Para o problema específico da fertilidade, os comandantes dessa revolução criaram a figura da Aia, ou seja, mulheres ainda férteis que serviriam de reprodutoras nas casas dos comandantes e suas esposas inférteis. As Aias eram apartadas de suas famílias e eram violentadas em cerimônias religiosas alicerçadas em uma interpretação extremista de Gênesis 30, 1-3: “Vendo Raquel que não dava filhos a Jacó, teve inveja de sua irmã, e disse a Jacó: Dá-me filhos, se não morro. E ela disse: Eis aqui minha serva Bila; coabita com ela, para que dê à luz sobre meus joelhos, e eu assim receba filhos por ela”.

A série mostra com clareza quem seriam os mais violentados caso algo do tipo acontecesse: gays, chamados de traidores de gênero; e as mulheres, colocadas em total submissão com o único papel de procriar. A mulher na série é retratada como apenas o invólucro do herdeiro. A produção é especialmente perturbadora porque mostra que esse futuro distópico é logo ali na esquina e que conceitos que embasam tantas atrocidades são defendidos hoje em alguns segmentos religiosos.

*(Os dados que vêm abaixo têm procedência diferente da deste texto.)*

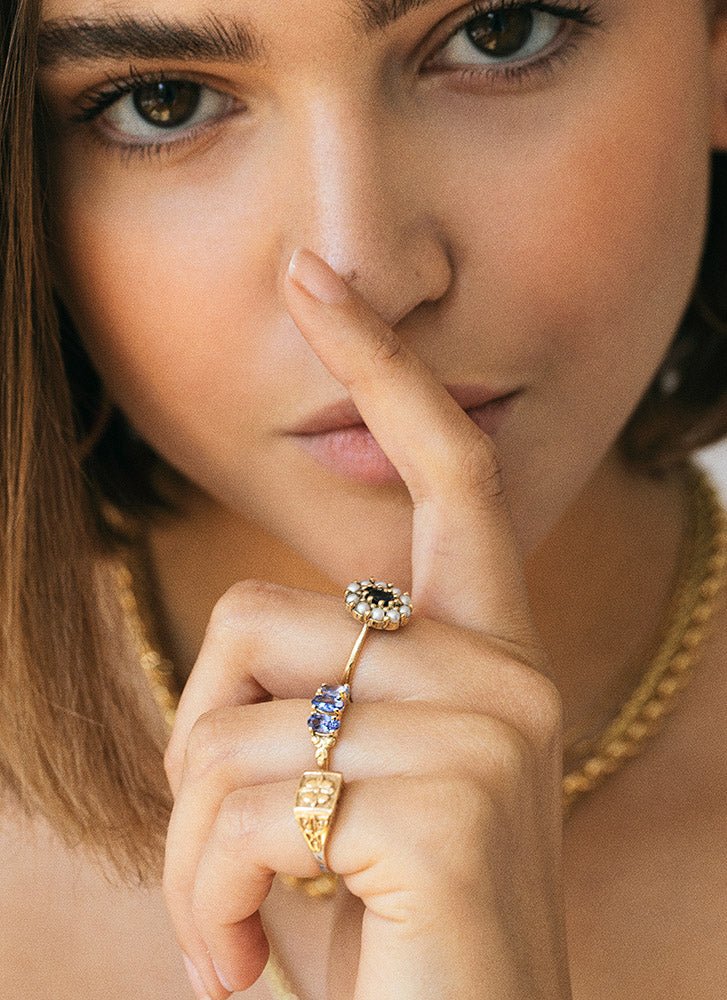 Billie flower sapphire pearl entourage ring 14k gold - Studio Kroewe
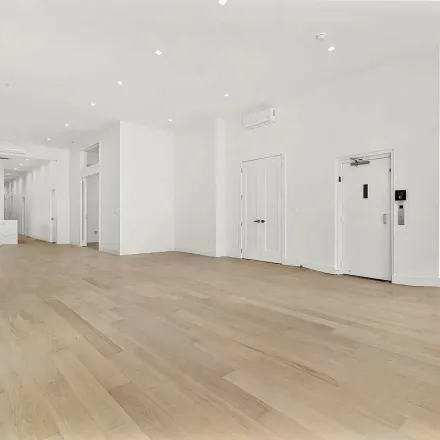 Rent this 4 bed apartment on 654 Broadway in New York, NY 10012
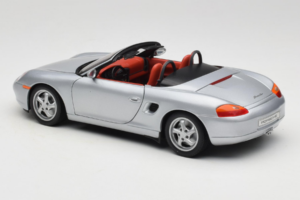 Porsche Boxster S 986 Ezüst UT Models 1:18 WAP021007 Fém – 7. kép a 8-ből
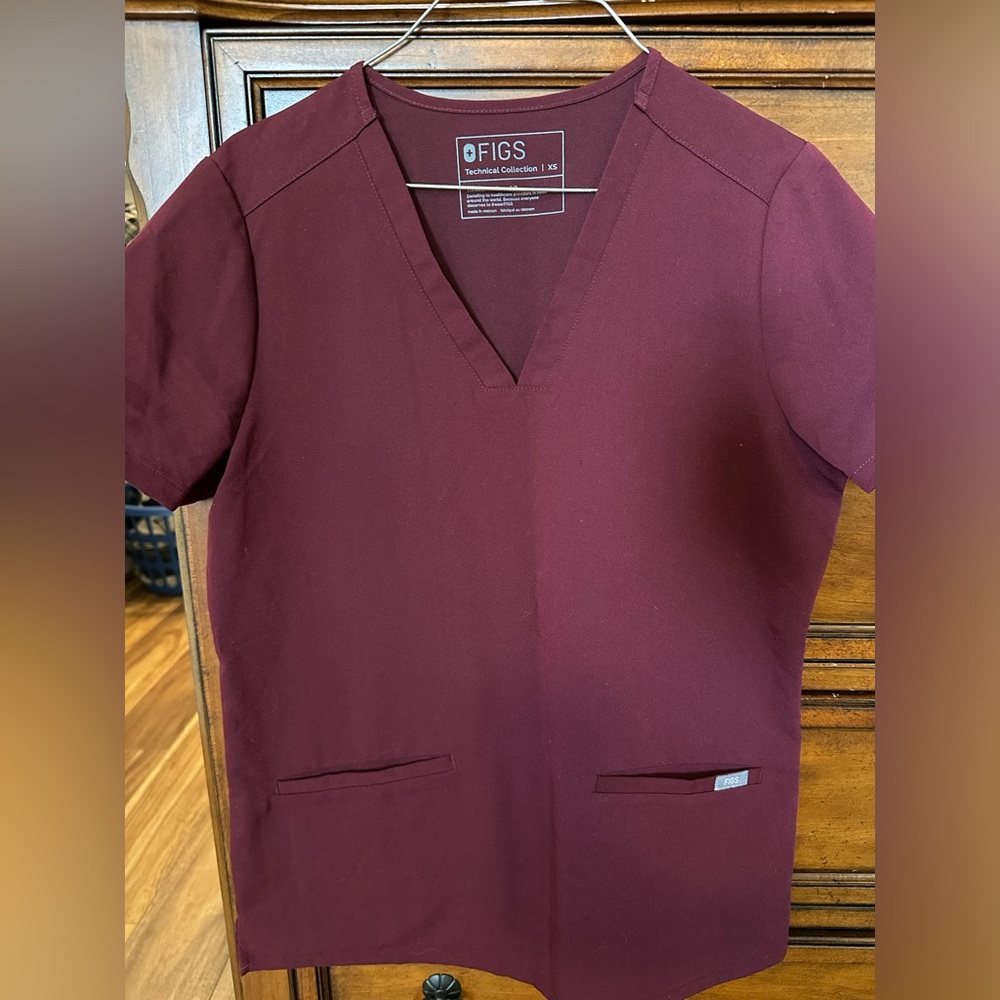 Figs burgundy casma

Quase 70% das mulheres grávidas que morreram na pandemia eram brasileiras. Em nenhum país do mundo morreram mais mulheres grávidas em decorrências do COVID-19, que no Brasil. Todos os países registraram aumento na moralidade materna entre 2021 e 2022, mas nada comparado ao aumento de 40% do Brasil. Há na Câmara dos Deputados uma Comissão Especial que está debatendo o assunto. Nessa investigação, alguns dados chamam a atenção. Por exemplo: nos Estados, quanto menor a cobertura de vacinação de mulheres grávidas, maior o crescimento da mortalidade materna. O Estados de Santa Catarina, que sempre foi modelo a ser seguido no passado no que se refere a atenção em saúde de suas futuras mamães, figura entre as Unidades da Federação com maior crescimento da mortalidade materna.

Além da vacinação, outro fator pode explicar porque 12 mil crianças ficaram órfãs de mãe no período: o objetivo de priorizar a vida do bebê em detrimento da mãe. No período da pandemia começou-se a ser adotados protocolos para a indução do parto em mulheres contaminadas com o novo coronavírus em detrimento do tratamento e estabilização da saúde da mulher. Foi a lógica da mulher como apenas invólucro do herdeiro mais um dos motivos para a morte de oito grávidas por dia no Brasil e mais de três mil em um ano. As grávidas eram tratadas exclusivamente como grávidas com COVID e não como uma vida tão importante quanto qualquer outra.

Ainda não estamos no futuro distópico de “O Conto da Aia”, mas seus alicerces estruturais já estão prontos.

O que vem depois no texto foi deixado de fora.